Federal Reserve Governor Christopher Waller said the US central bank can watch and see what happens before taking further action with interest rates as financial markets tighten.
(Bloomberg) — Federal Reserve Governor Christopher Waller said the US central bank can watch and see what happens before taking further action with interest rates as financial markets tighten.
“The real side of the economy seems to be doing well. The nominal side is going in the direction we want. So we’re in this position where we kind of watch and see what happens on rates,” Waller said Wednesday at the annual E2 Summit in Park City, Utah.
“Financial markets are tightening up and they are going to do some of the work for us,” he said in a conversation moderated by Paul Ryan, a former Republican lawmaker who served as House speaker.

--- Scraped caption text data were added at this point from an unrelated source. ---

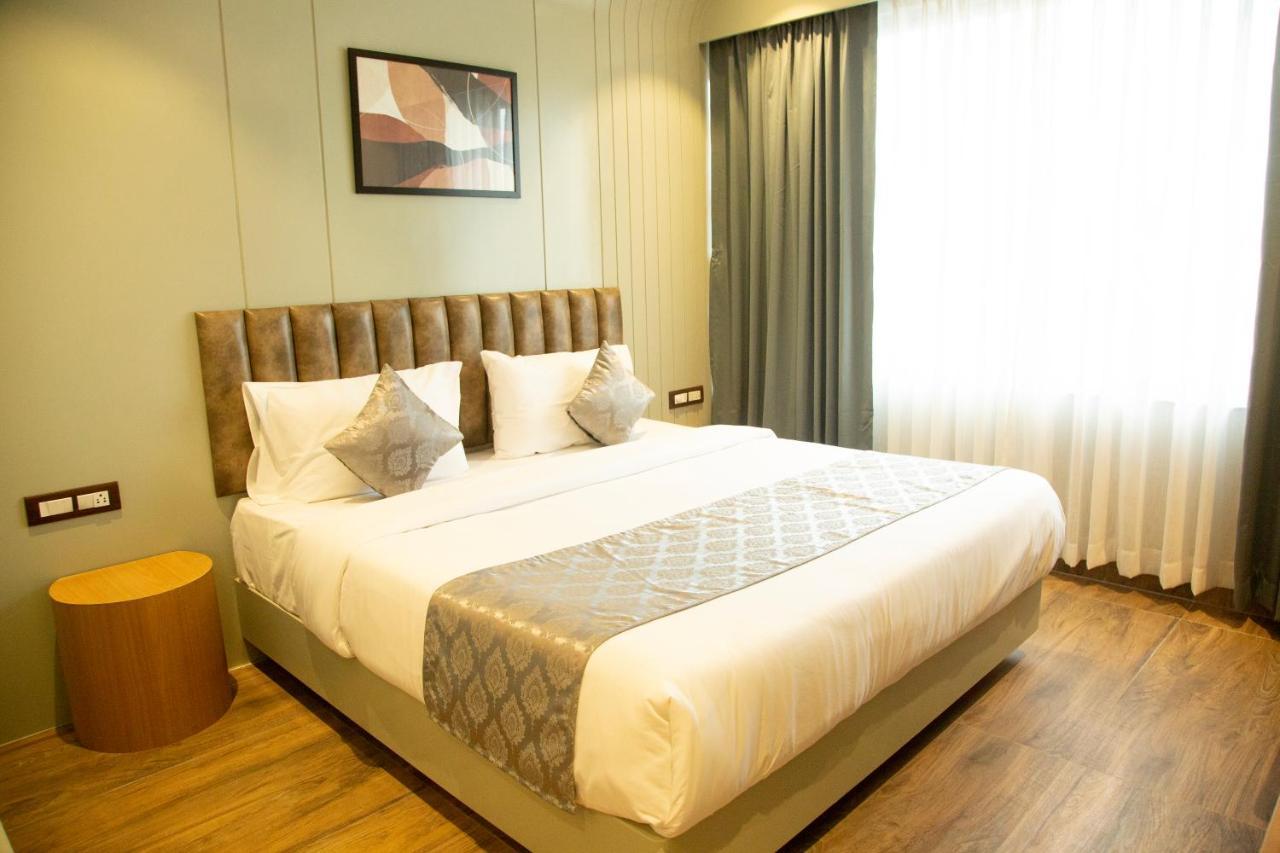 Hotel Westend Udaipur Esterno foto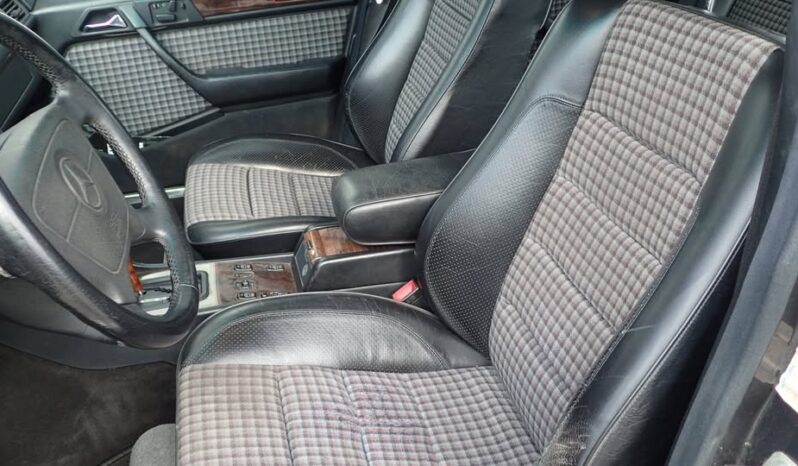 Mercedes-Benz E-Klasse (W124) 500E V8 full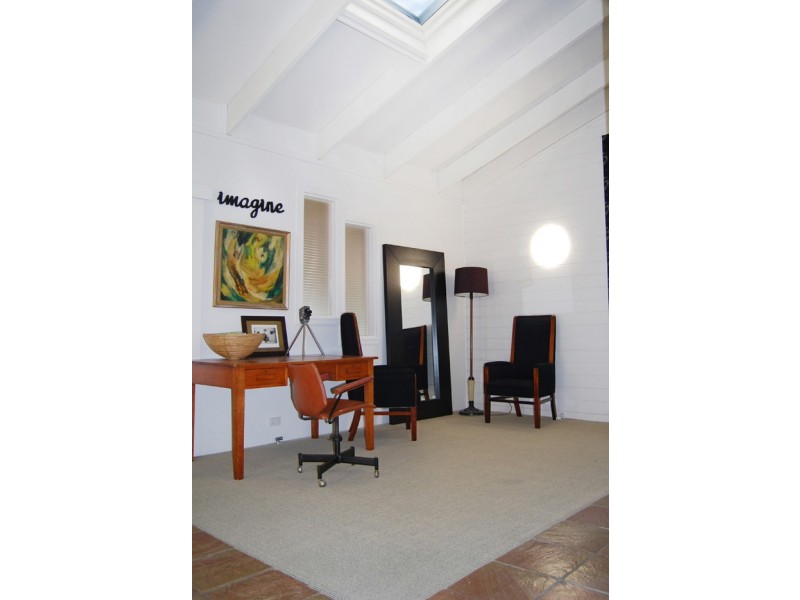 11 Rubie Crescent, East Gosford NSW 2250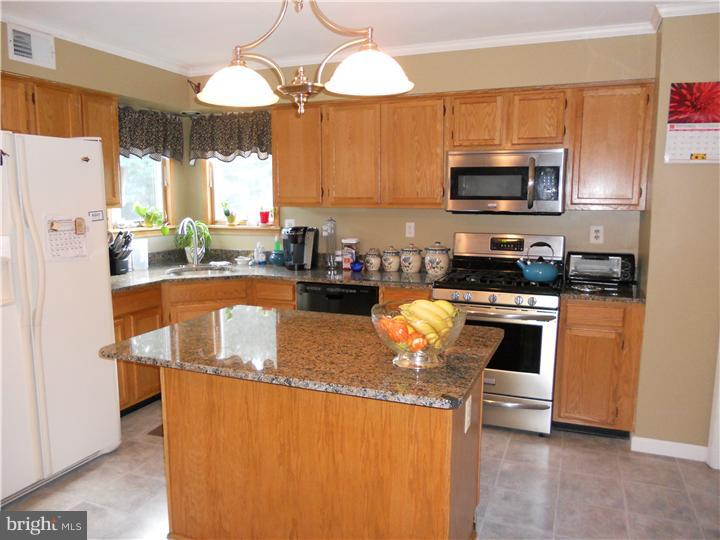 86 Richardson Road Robbinsville, NJ 08691 - Photo 9 of 24 Kitchen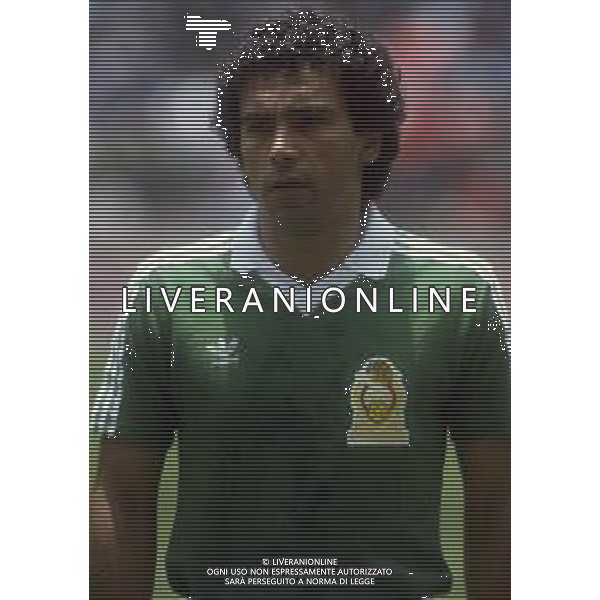 RETROSPETTIVA HUGO SANCHEZ CALCIATORE NELLA FOTO HUGO SANCHEZ CON LA MAGLIA DELLA NAZIONALE DEL MESSICO NELL\'ANNO 1986 AG ALDO LIVERANI SAS 
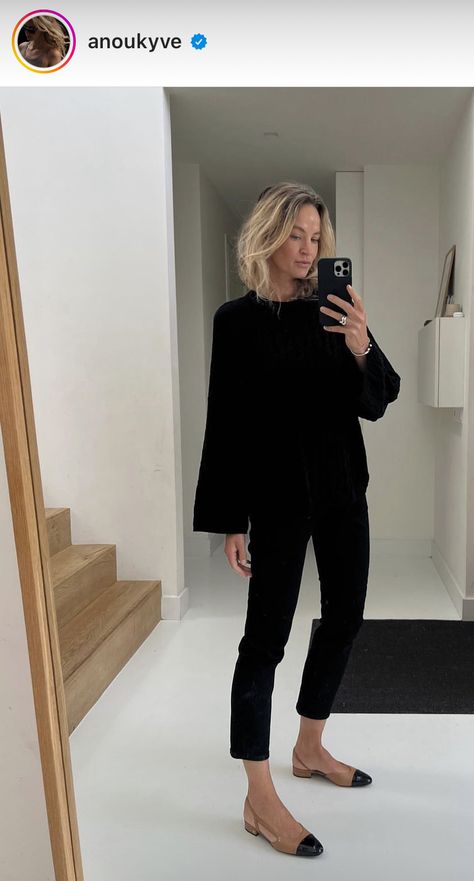 Minimalism Style Outfits, Greenbrier Christmas, Black Brogues Outfit, All Black Work Outfits, Black Pants Outfit For Work, Chanel Slingback Outfit, Architecture Outfit, Minimal Chic Outfit, Black Pants Outfit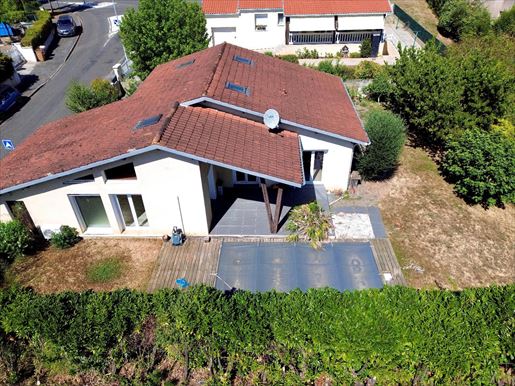 Maison 7 pièces 136 m² · à Auch · 136 m² · 235 000 €
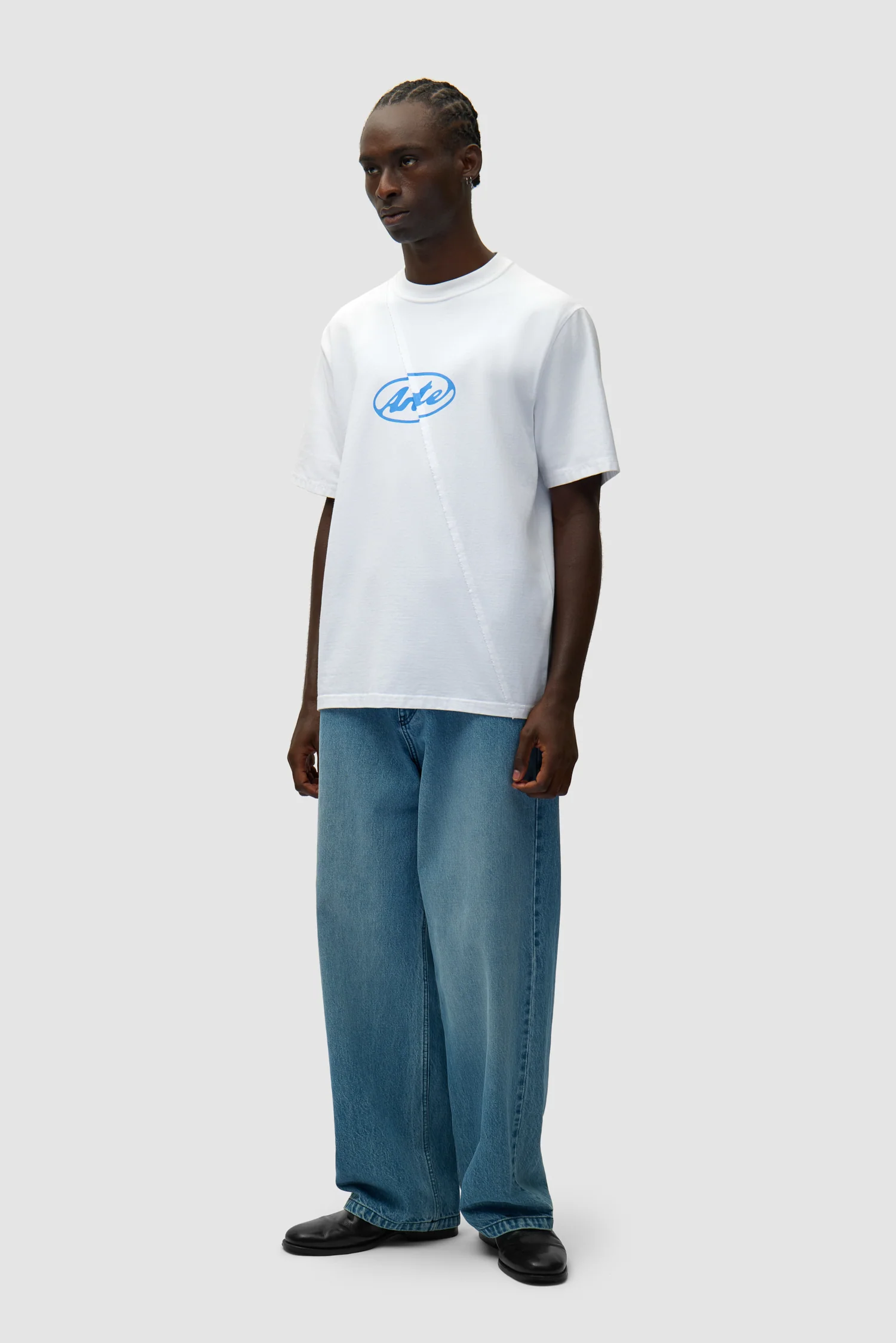 Pantalon à poche avec logo circulaire - Denim Bleach - Image 6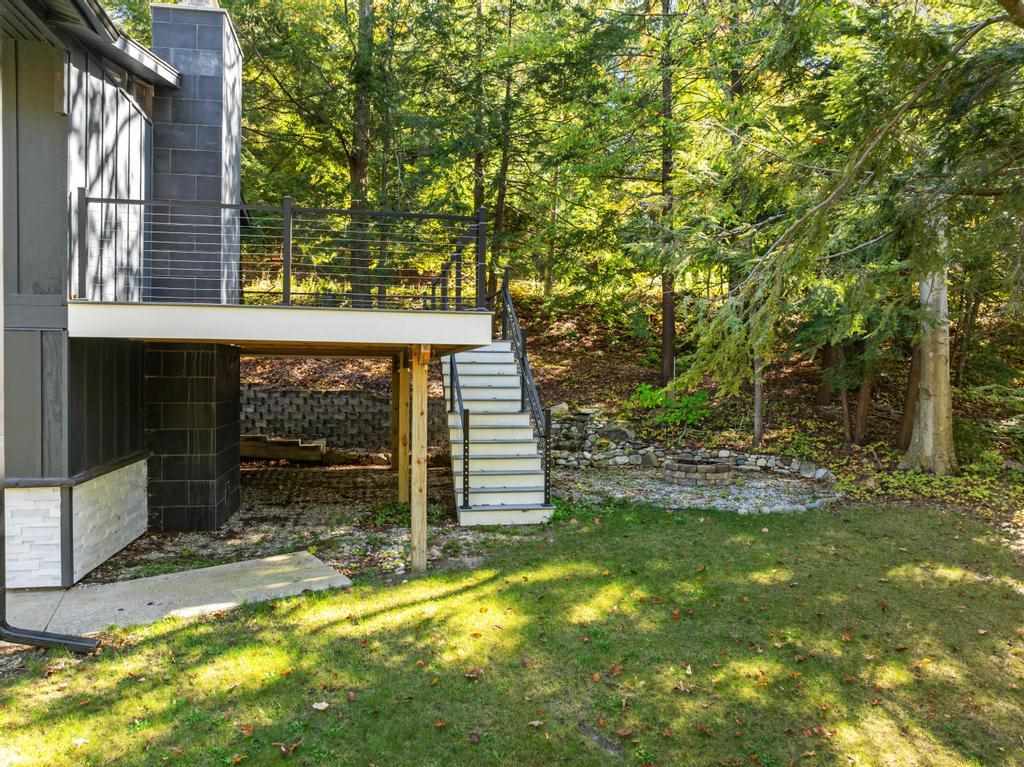 8111 Hedrick Road Harbor Springs MI 49740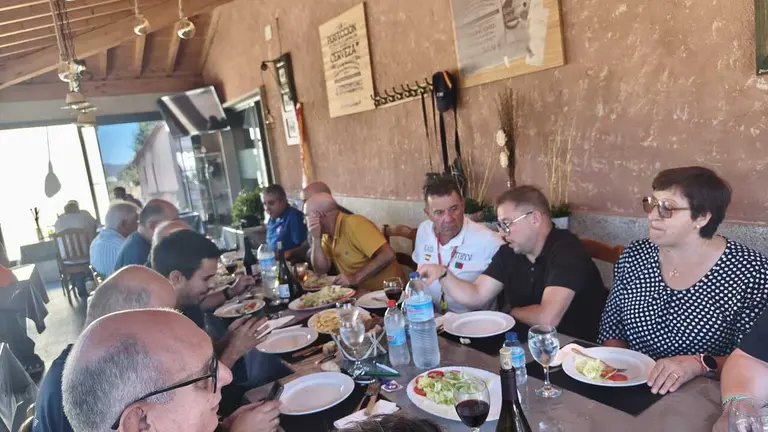 El RadioClub Amigos da Limia celebra su primer encuentro internacional | NOTICIAS XINZO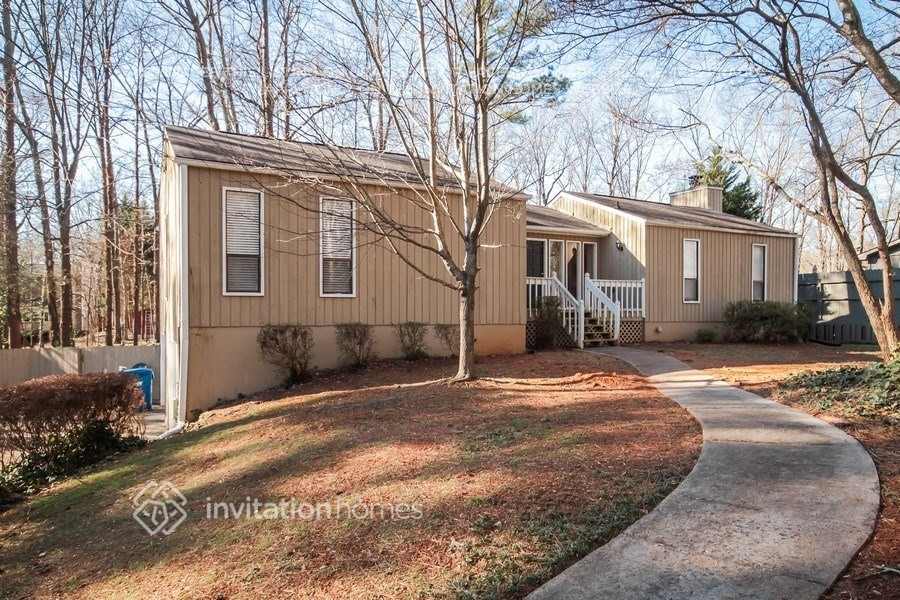 3179 Terrace Dr in Marietta, GA - Building Photo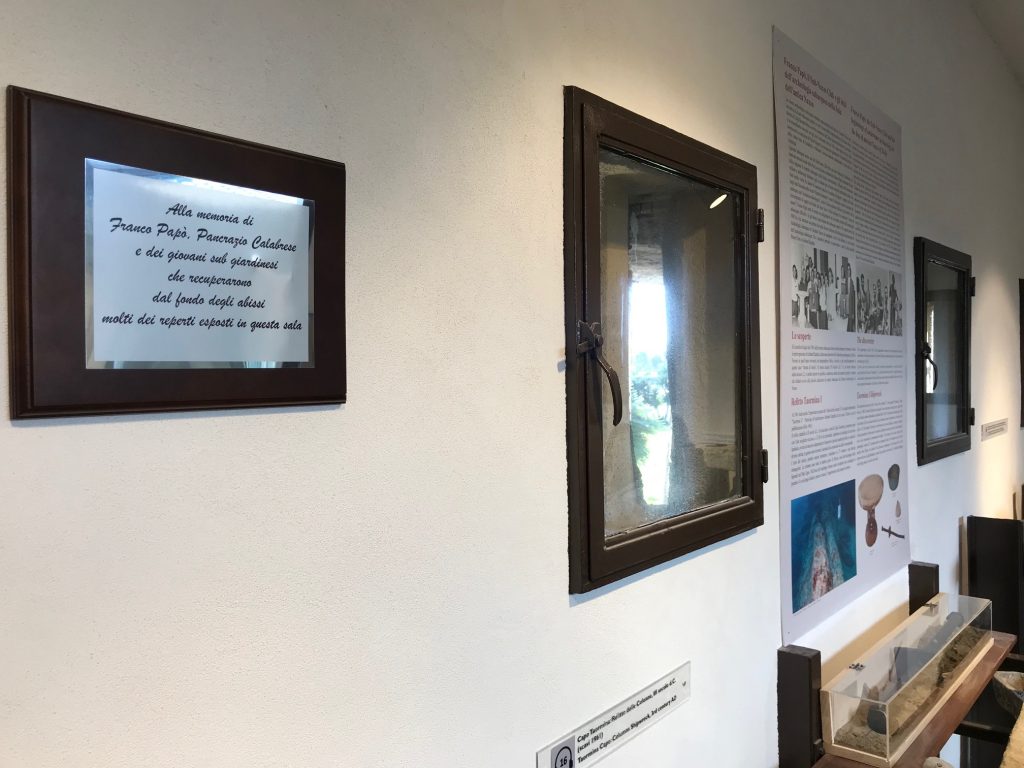Museo, la targa ricordo, il pannello e il reperto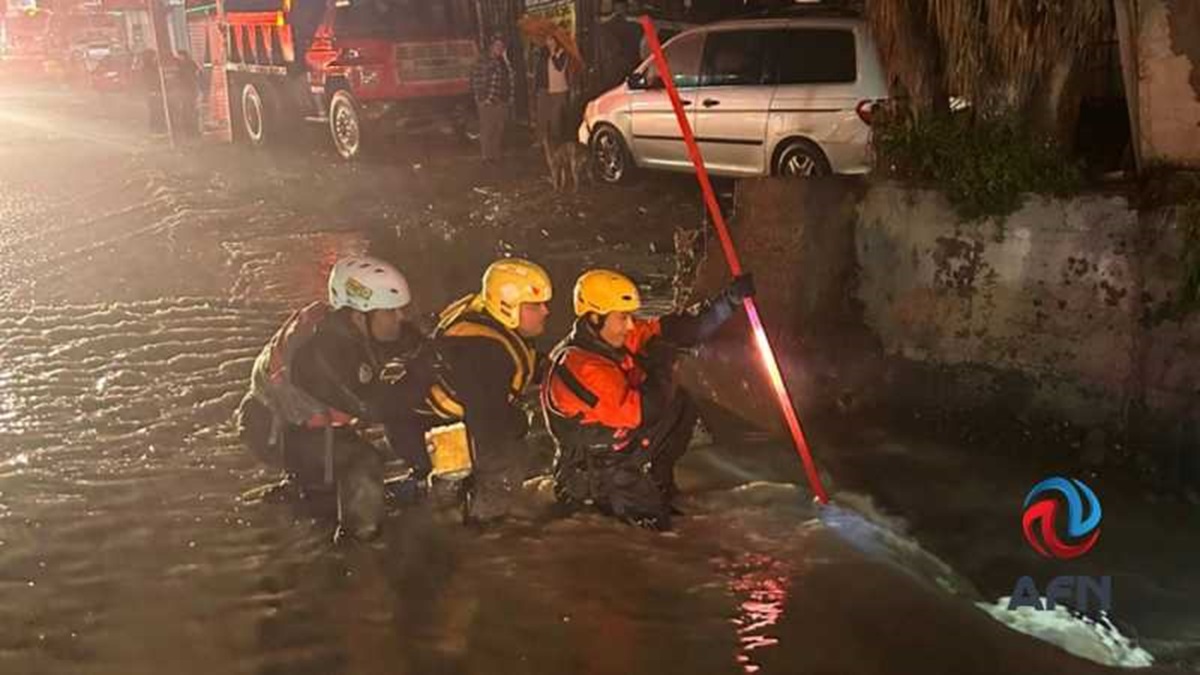 Rescatan a niña arrastrada por la corriente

The US economy has shown surprising resilience in the face of the Fed’s aggressive rate-hiking campaign, which took the target range for its benchmark interest rate to 5.25% to 5.5% from nearly zero in less than two years.
Treasury yields have surged since the central bank’s September policy meeting, and other Fed officials speaking this week said the rout in bond markets may suspend the need to tighten further for now.
Read More: Fed Officials Head Toward Another Pause After Bond Yields Surge
Fed Vice Chair Philip Jefferson on Monday told a conference that he would “remain cognizant of the tightening in financial conditions through higher bond yields” in assessing “the future path of policy.” Earlier that day, Dallas Fed President Lorie Logan indicated that if risk premiums in the bond market are on the rise, that “could do some of the work of cooling the economy for us, leaving less need for additional monetary policy tightening.”
Investors currently see little chance of a rate hike at the Oct. 31-Nov. 1 meeting, and a less-than 20% possibility of an increase in December, according to futures.
Waller said the the Fed is “finally” getting good inflation data.
“If this continues, we’re pretty much back to our target,” he said. Wage growth is softening, which portends well for service-sector firms, he said.